Operating Peloton Clusters
Installation
Upgrades
Monitoring
Metrics
Alerts
Dashboards
Host Maintenance
A compute workload can be subject to host level disruption: either voluntary (e.g. HW maintenance, kernel upgrade) or involuntary (e.g. HW failure, kernel panic, NFS mount failure), which make it necessary to handle host level disruption on the scheduler side in order to not disturb the affected workload and reach the job level goal state. This scheduler behavior can be defined as putting compute hosts in “maintenance mode”.
Peloton host maintenance ensures graceful termination of tasks before putting the hosts into maintenance.
Peloton Host States
At any given point of time, a host will be in one of the following
states
* HOST_STATE_UP
- The host is healthy. Tasks can be scheduled on the
host.
* HOST_STATE_DRAINING
- The host is being drained. There will be no
further placement of tasks on the host. The tasks running on the
host are being rescheduled.
* HOST_STATE_DRAINED
- The host has been drained of all tasks.
* HOST_STATE_DOWN
- The host has been removed from the cluster and
is ready for maintenance operations (HW repair/replacement, kernel
upgrade etc.)
Architecture
Peloton makes use of Mesos Maintenance Primitives to perform maintenance on hosts. The image below shows the interaction between Peloton and Mesos Master.
- The ‘Operator’ will request Peloton to put a list of hosts H into maintenance.
- Peloton constructs a maintenance schedule as a JSON document and
posts it to the Mesos Master /maintenance/schedule HTTP endpoint (A
maintenance schedule consists of one or more maintenance windows. A
maintenance window has a list of hosts and an unavailability
window -
). - Mesos Master will rescind all existing offers from affected agents and send out ‘Inverse offers’. This ensures no further placement of task on the affected agents.
- Peloton starts rescheduling the tasks placed on the affected
agents, doing the following steps until all hosts in the list are
in HOST_STATE_DOWN:
- Select a task for rescheduling. The selected task is killed and relaunched on another host. The rescheduling model will be similar to the preemption model.
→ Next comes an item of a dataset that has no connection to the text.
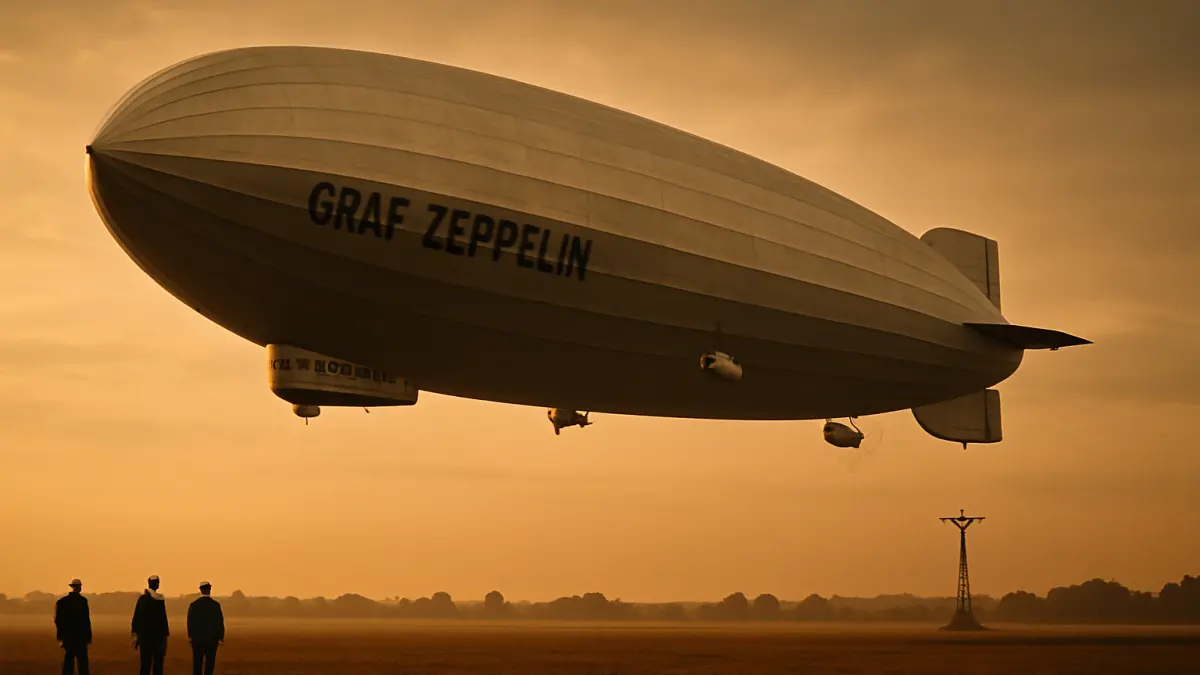 Graf Zeppelin’s Global Flight and Its Tech Legacy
- If a host h in H is drained of all tasks, set state to HOST_STATE_DRAINED then start maintenance on this host by posting to the Mesos Master /machine/down HTTP endpoint. This causes all the mesos agents (processes) running on these machines to become unregistered from Mesos Master and won’t be allowed to re-register until maintenance is complete. Set state of the host to HOST_STATE_DOWN.
CLI commands
Start maintenance
$ peloton host maintenance start <comma separated hostnames>
Put a list of hosts into maintenance. When maintenance is started on one or more hosts, * The hosts transition from HOST_STATE_UP to HOST_STATE_DRAINING * There will be no further placement of tasks on these hosts * Tasks running on these hosts will be killed. The killed tasks will be restarted automatically on other available hosts (i.e. hosts not in maintenance) * Once all tasks on a host are killed, that host is put into maintenance
Eg.
peloton host maintenance start testhostname1,testhostname2
Complete Maintenance
$ peloton host maintenance complete <comma separated hostnames>
Complete maintenance on a list of hosts which are in maintenance. When maintenance is completed on one or more hosts, the hosts transition from HOST_STATE_DOWN to HOST_STATE_UP i.e. the hosts are now added to the cluster and tasks can be scheduled on them.
Eg.
peloton host maintenance complete testhostname1,testhostname2
Query hosts
$ peloton host query [--states <comma separated host states>]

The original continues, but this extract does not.